Investigating Murakami Haruki’s European travelogues as self-promotion; his reconstruction of Japanese settings from an outsider position; and his reception in Europe, the panel examines Murakami’s fiction as a “two-world literature” that avoids the pitfalls of both parochialism and universalism.

Long Abstract:

The idea of “world literature” has been the object of intense debate among intellectuals in recent decades. From Moretti’s advocacy of “distant reading,” the study of literary works from a perspective deliberately situated outside their context of production, to Damrosch’s focus on “great works” whose meaning remains unchanged through translation, the study of world literature has been hailed as a progressive enterprise that transcends national borders and nationalistic ideologies. Yet scholars like Apter and Mufti have critiqued this approach for being based on “one-world thinking,” the legacy of an imperial system of cultural mapping from a single aesthetic and moral point of view that ultimately coincides with that of the dominant (Anglophone and/or Euro-American) culture.

Contemporary Japanese literature is a particularly productive object of enquiry in this respect, because of the country’s ambivalent history as one of the few Asian countries successful in resisting European colonisation as well as a non-Western Imperial power. Many modern Japanese literary works can be characterised as a form of “two-world literature,” a practice of storytelling that avoids the pitfalls of both parochialism and universalism by constantly retaining a multiple perspective, never allowing the reader to rest on a “single world” vision.
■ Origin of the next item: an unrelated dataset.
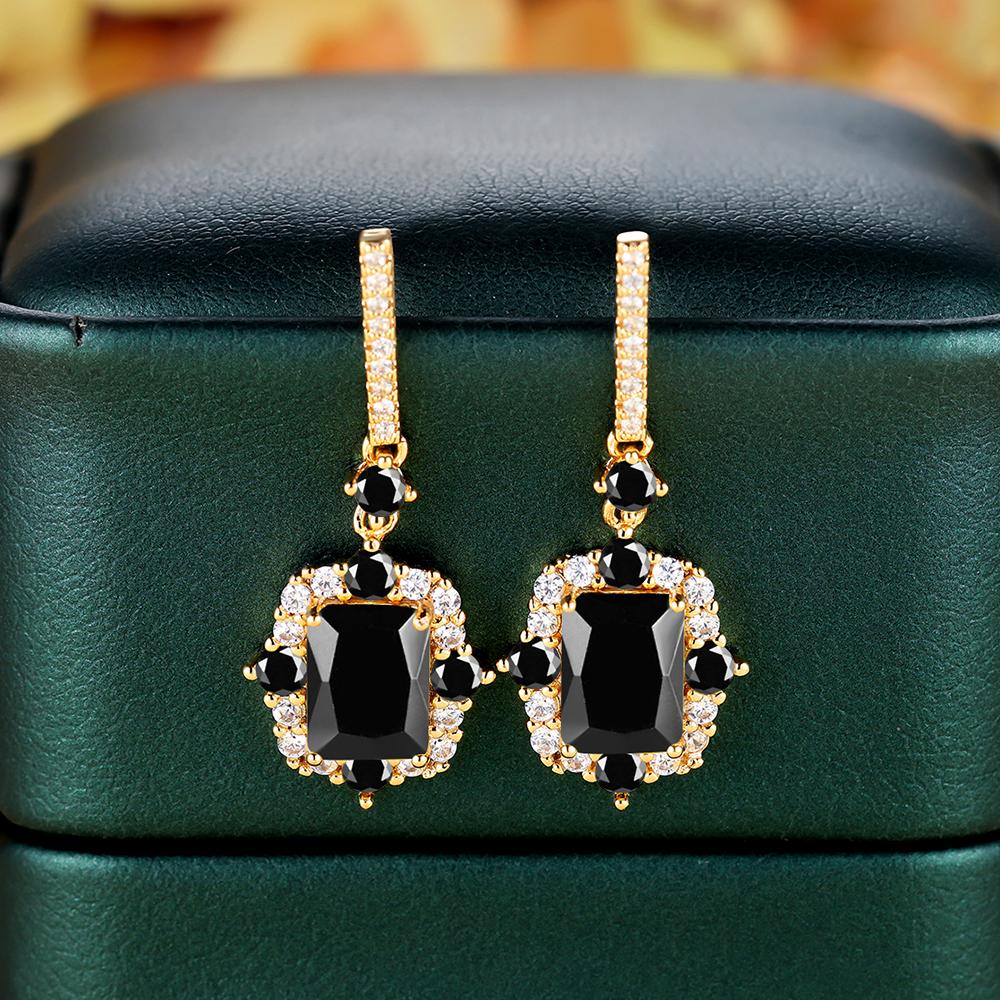 Orecchini pendenti in zircone cubico blu quadrato color oro, orecchini di lusso da donna, gioielli estetici per feste di nozze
The panel investigates these ideas by focusing on Japan’s most ‘global’ author, Murakami Haruki. Murakami may appear to be the epitome of Anglo-America-centric globalisation of literature, from his close relationship with his North American translators to his numerous sojourns in the U.S. Yet his travels in Europe exerted significant influence on his early novels, and his translations into European languages significantly contributed to shaping the “Murakamiverse”.
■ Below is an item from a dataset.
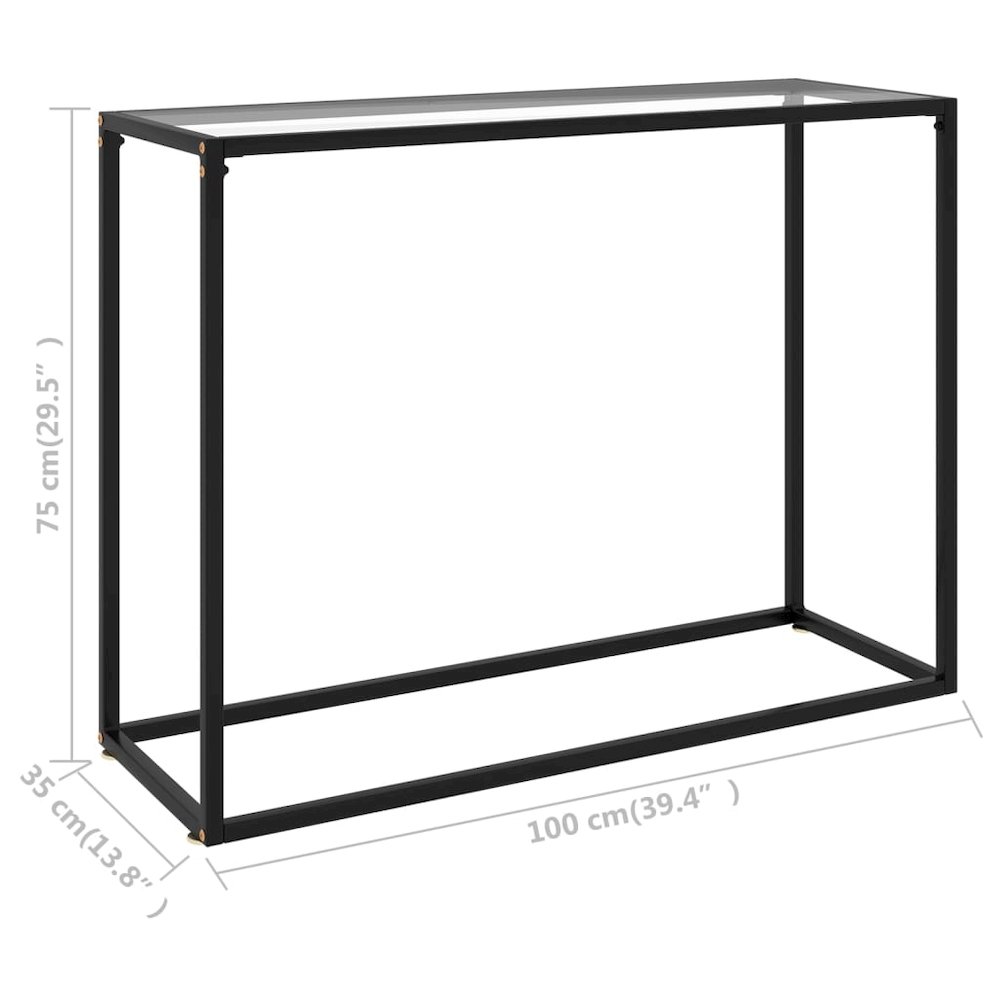Console Table Transparent Tempered Glass 39.4 x 13.8 x 29.5 in. Picture 6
Through analyses of Murakami’s European travelogues from the 1990s as a form of self-promotion; of the novels written during that period and how they reconstruct specifically Japanese settings in the 1960s and the 1980s from a deliberate position outside of Japan; and of the translations of Murakami in Europe and their reception, the papers will examine Murakami’s fiction as a form of “two-world literature” and reflect on the implications of this reframing for our understanding of contemporary Japanese fiction.